Wie ist Ihre Einschätzung zu den Vorschlägen der ÖVP und der Grünen?
Wir freuen uns, wenn die Politik das Thema im Fokus hat, die Vorschläge kratzen aber sehr an der Oberfläche. Obdachlosigkeit ist nicht nur in Zeiten des Wahlkampfs Teil einer Großstadt und man sollte vulnerable Gruppen nicht dazu nutzen, Kapital daraus zu schlagen. Wir arbeiten evidenzbasiert, sind im engen Austausch mit Betroffenen und erarbeiten darauf aufbauend Maßnahmen.
Die Grünen fordern
- Mehr Wohnungen für „Housing first“ („Wohnen zuerst“): Aus freiwerdenden Wohnungen (komunnal, ausfinanziert) sowie im Neubau soll ein Kontingent bereitgestellt werden. Auch soll der soziale Wohnbau angekurbelt werden: Es braucht 2.500 neue Gemeindewohungen, 5.000 neue gemeinnützige Wohnungen pro Jahr.
- Vorrang für sozialen Wohnbau bei der Widmung: Das Planungsressort muss sozialem Wohnbau Vorrang einräumen.
- Einführung einer Leerstandsabgabe und einer städtischen Wohnungsplattform (bei der Eigentümern die Leerstandsabgabe erlassen wird, wenn sie ihre Wohnungen über die Plattform vermieten lassen): Ein Drittel dieser Wohnungen soll der Wohnungslosenhilfe zur Verfügung gestellt werden.
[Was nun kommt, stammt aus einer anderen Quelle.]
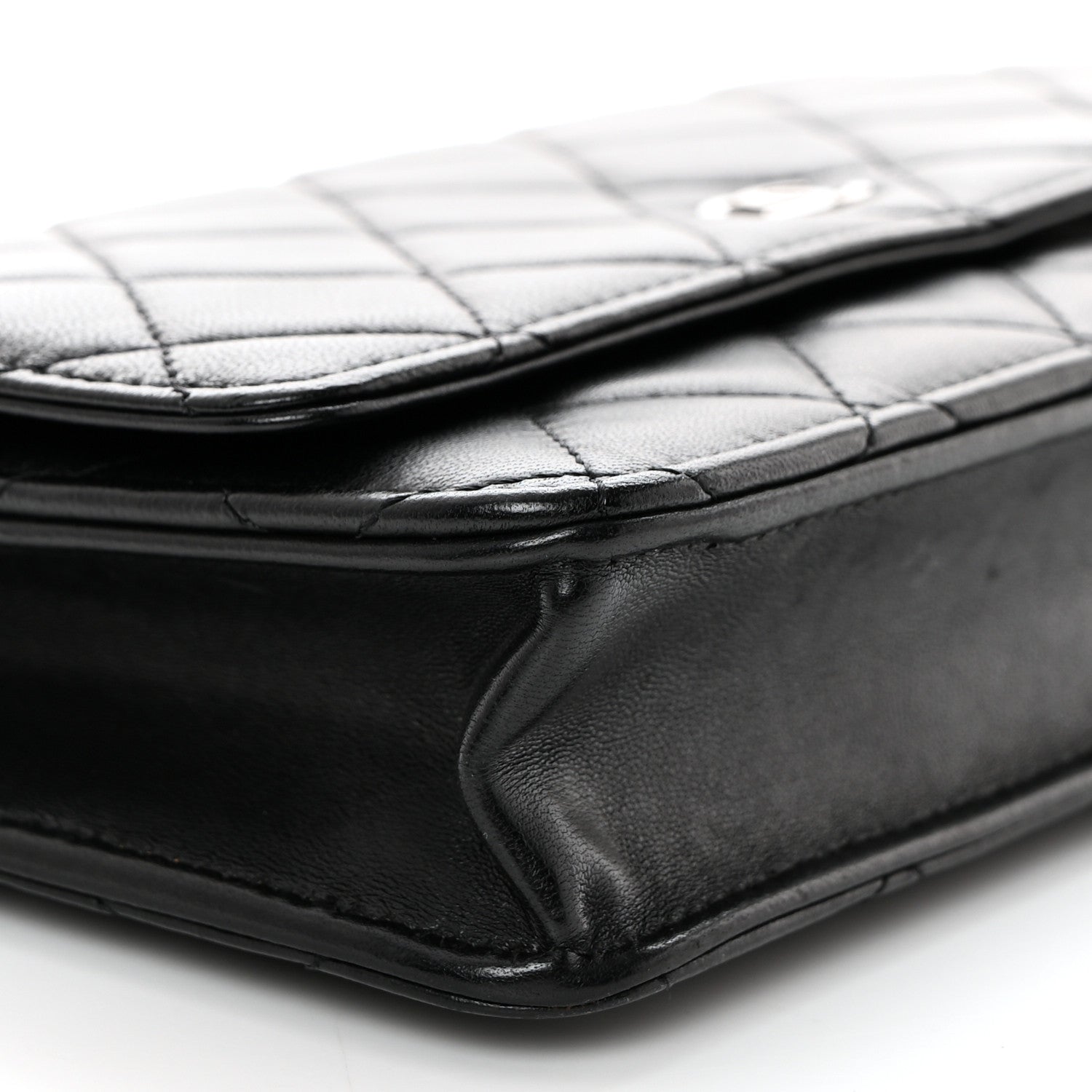 Chanel Lambskin Quilted Wallet On Chain WOC Black 10 of 11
- Maximal ein Viertel des Einkommens fürs Wohnen – mit der Zusammenführung von Wohn- und Mietbeihilfe zu einem einheitlichen Wohngeld und dem Ausbau der Wohnbeihilfe für Menschen in Ausbildung.
- Ausbau der Delogierungsprävention: Hausverwaltungen sollen ab Rückstand über einer Monatsmiete eine soziale Delogierungsberatung für Mieter:innen beiziehen können.
- Notversorgung ganztägig und ganzjährig öffnen statt wie derzeit nur zwischen November und April.
Wo kann Wien noch besser werden?
Wir schauen uns regelmäßig Best-Practice-Beispiele aus dem Ausland an, wobei man anmerken muss, dass Wien selbst in vielen Dingen eine Vorreiterrolle hat, etwa beim gemeinnützigen Wohnbau oder bei der Delogierungsprävention. Darauf ruhen wir uns aber nicht aus. Es gibt etwa einen Anstieg bei psychischen Erkrankungen. Auf solche Entwicklungen muss man reagieren.